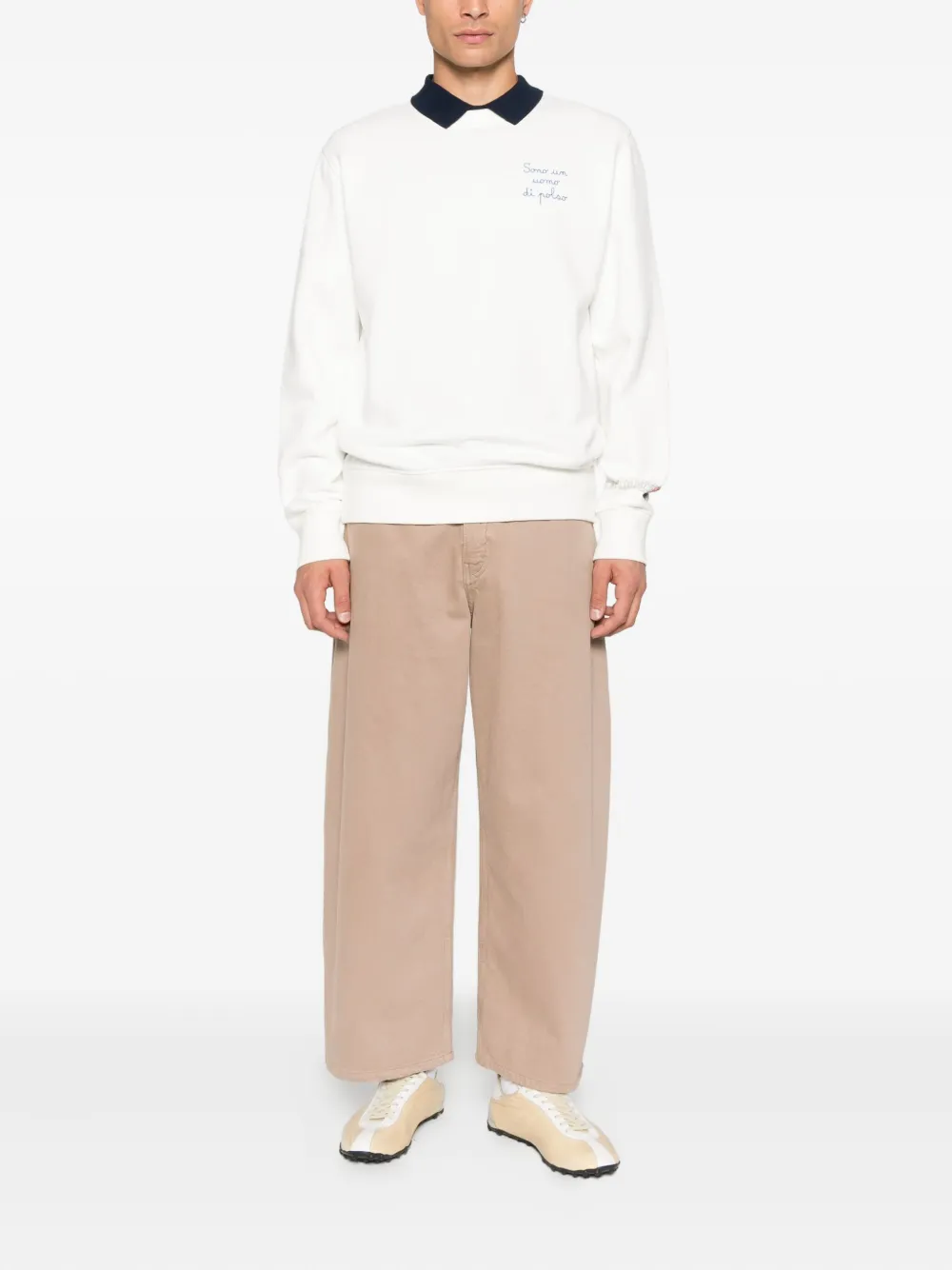 MC2 Saint Barth crew-neck sweatshirt | Sweatshirts | Image 2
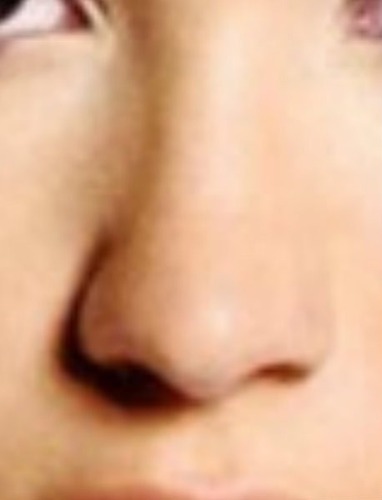 A qui appartient ce nez (fille) ?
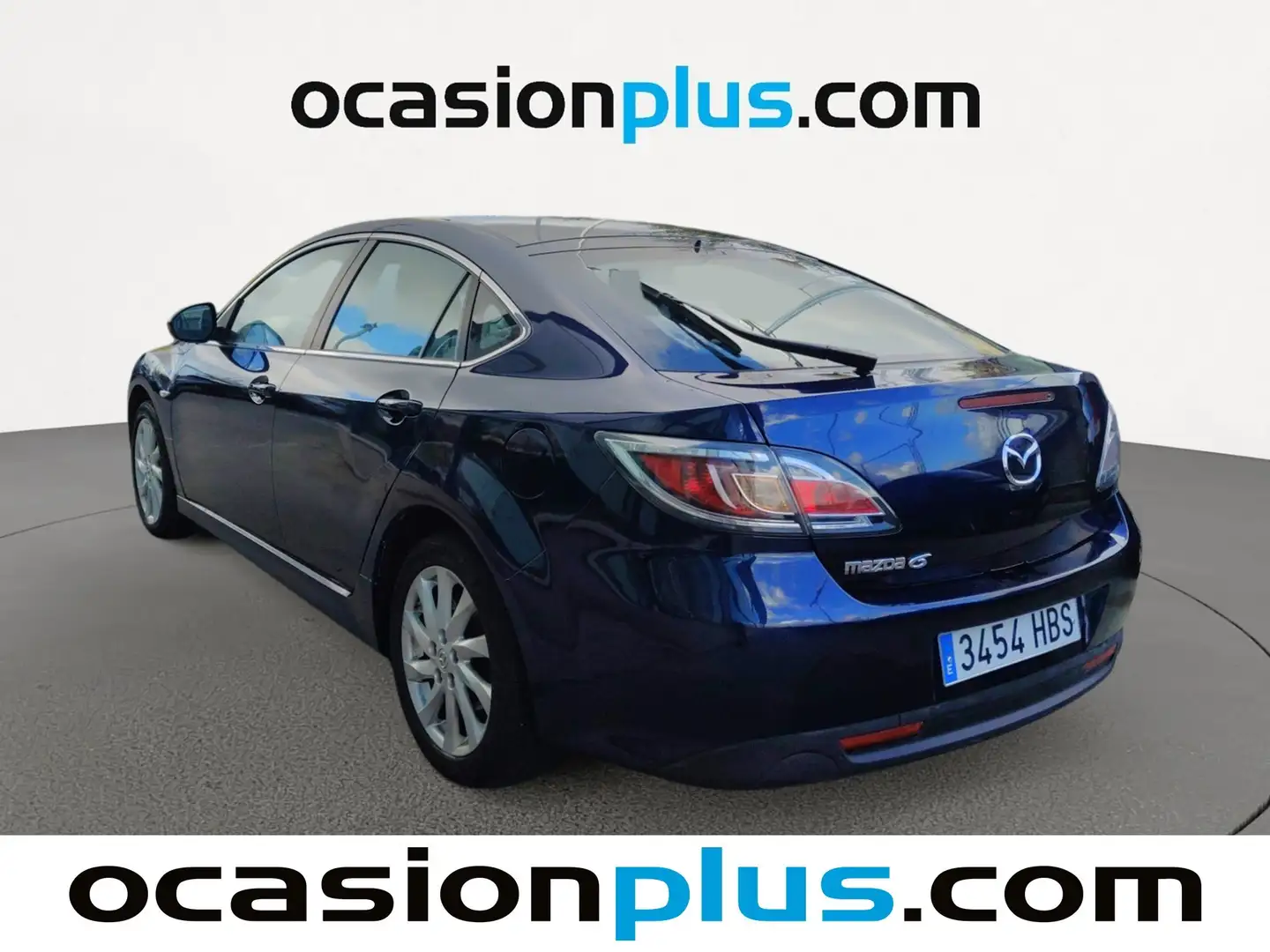 Foto Mazda Mazda6 Mazda Mazda 6 1.8 Active (120 CV)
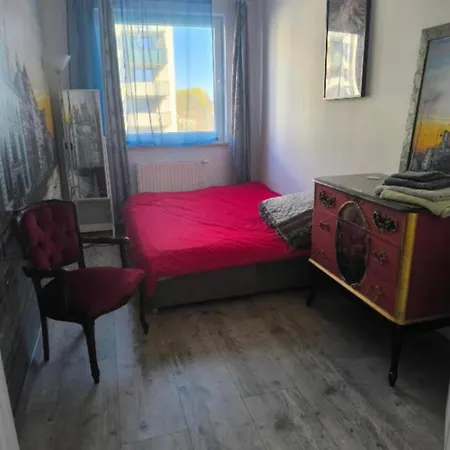Blisko Morza Apartmán Gdaňsk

Exercise prompt — Each line from the one containing "Foto Mazda Mazda6" to the final line of the data must be printed exactly, both included, with nothing else and no pictures.

Result of this task —
 Foto Mazda Mazda6 Mazda Mazda 6 1.8 Active (120 CV)
Blisko Morza Apartmán Gdaňsk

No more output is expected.